Columna P. Enrique Grez López

Posted On 2021-10-24 In Coluna - P. Enrique Grez López

Tornaviaje. Arte Latina, Sagrada e Intercultural

Pe. Enrique Grez •

A Tornaviaje era a viagem de regresso ao continente para os espanhóis que, tinham partido na viagem para o Novo Mundo. Os galeões não transportavam apenas ouro e prata da América. Entre a carga estava também a preciosa cultura que estava a ser forjada. —

Anónimo Novohispano, Dominio público, via Wikimedia Commons

Novohispano anónimo, domínio público, via Wikimedia Commons

A exposição do Museu do Prado para o Outono de 2021 é uma festa cultural. Trata-se de uma exposição abrangente, com mais de 100 obras de toda a América Latina. Embora existam obras de carácter histórico, civil ou decorativo, o género de arte sacra é a expressão mais importante do génio ibero-americano.
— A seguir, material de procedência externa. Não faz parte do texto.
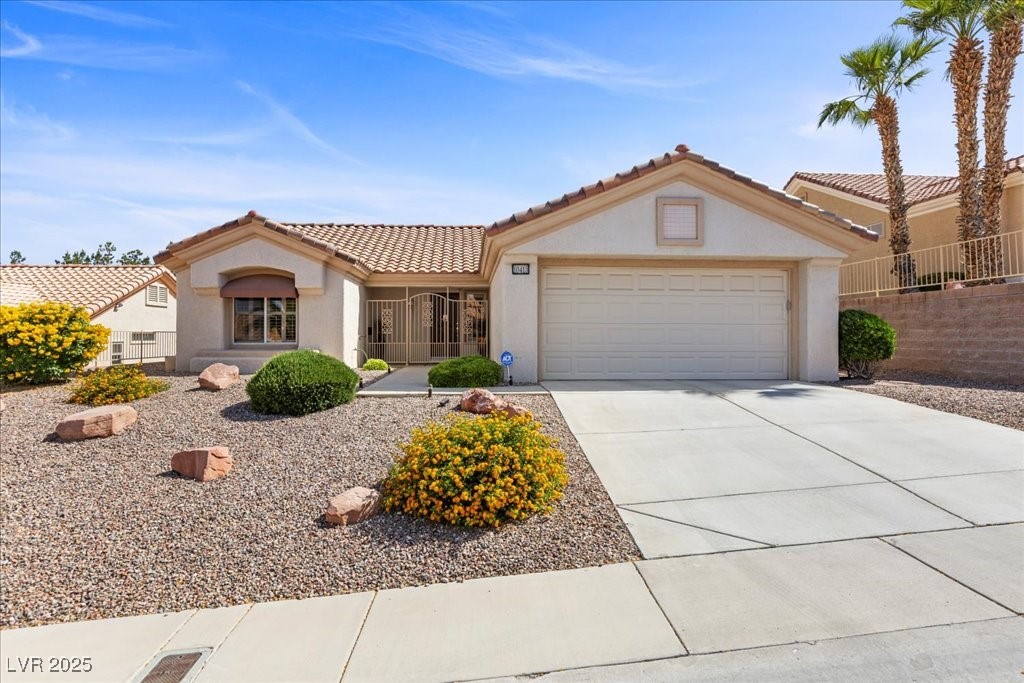 10413 Marymont Place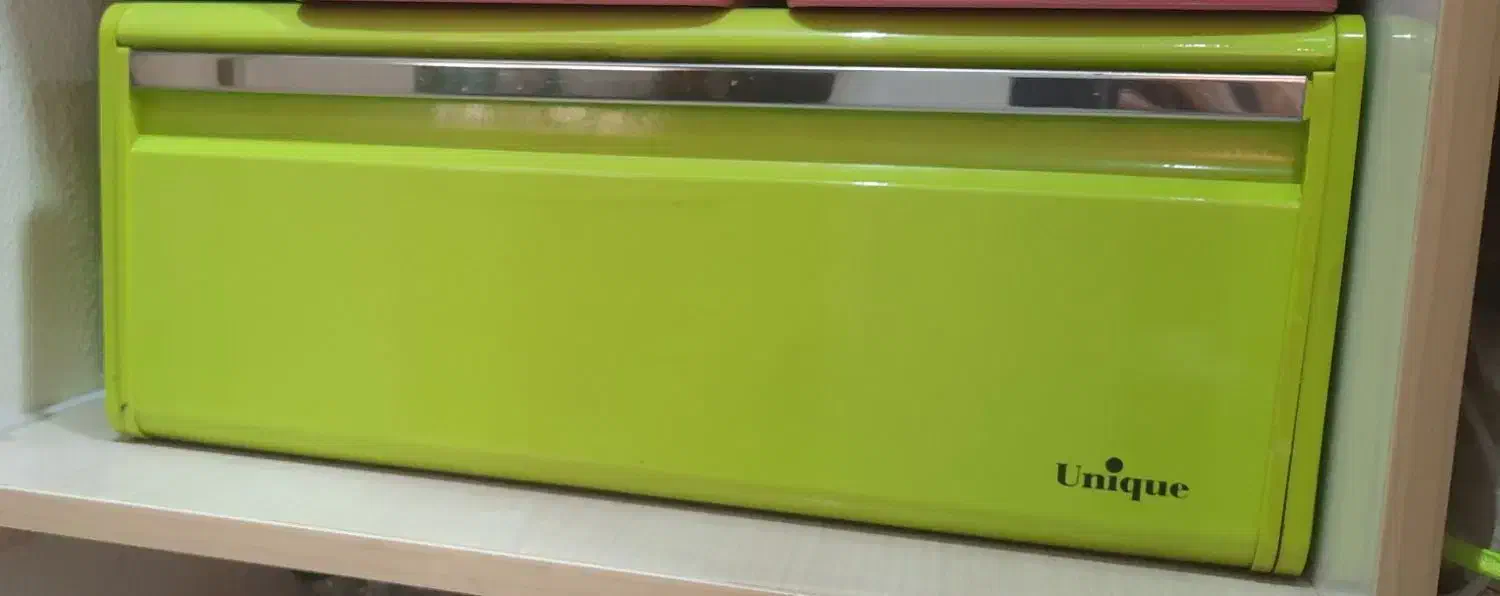 سرویس حبوبات|ظروف نگهدارنده، پلاستیکی، یکبارمصرف|شاهینشهر, مسکن مهر|دیوار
Um aspecto que se destaca é que a maioria dos objectos da exposição são provenientes de museus, conventos e catedrais espanhóis. Isto é indicativo do imenso volume de obras produzidas na América Colonial e, de como esta arte foi bem recebida na península. Os materiais abundantes na exposição provêm de paróquias e comunidades espanholas que, não só mantêm, como continuam a utilizar estas peças nos seus ritos e práticas. Entre outros, há crucifixos em tamanho real, pinturas de diferentes advocações marianas, ornamentos para a Missa, jóias para vestir Virgens e objectos de sacristia. É arte a ser utilizada, disponível para as agências dos seus proprietários. Um verdadeiro conforto nestes tempos de extrema capitalização.

À medida que caminhamos pelos salões e corredores, o fascinante mundo de outrora aparece-nos, povoado por santos, Beatos e devotos, animais exóticos, tecidos brilhantes e frutos luxuriosos, florestas, minas e cidades construídas sobre as misteriosas ruínas de outras. Assim nos é revelado um mundo híbrido, como lhe chama García Canclini, onde há trocas calculadas e negociadas a muitos níveis.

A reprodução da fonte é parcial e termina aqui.